**Description of the task:** An exact, complete copy of the entries is what is needed.
[[ Records shown open ]]
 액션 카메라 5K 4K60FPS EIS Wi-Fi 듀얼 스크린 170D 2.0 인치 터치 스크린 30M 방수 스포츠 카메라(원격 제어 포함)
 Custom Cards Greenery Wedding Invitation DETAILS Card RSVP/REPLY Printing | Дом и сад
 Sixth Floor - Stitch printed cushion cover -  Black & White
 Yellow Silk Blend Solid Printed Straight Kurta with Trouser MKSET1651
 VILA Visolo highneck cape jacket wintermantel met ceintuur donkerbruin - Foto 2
[[ Records shown closed ]]
**Answer for this exercise:**
 액션 카메라 5K 4K60FPS EIS Wi-Fi 듀얼 스크린 170D 2.0 인치 터치 스크린 30M 방수 스포츠 카메라(원격 제어 포함)
 Custom Cards Greenery Wedding Invitation DETAILS Card RSVP/REPLY Printing | Дом и сад
 Sixth Floor - Stitch printed cushion cover -  Black & White
 Yellow Silk Blend Solid Printed Straight Kurta with Trouser MKSET1651
 VILA Visolo highneck cape jacket wintermantel met ceintuur donkerbruin - Foto 2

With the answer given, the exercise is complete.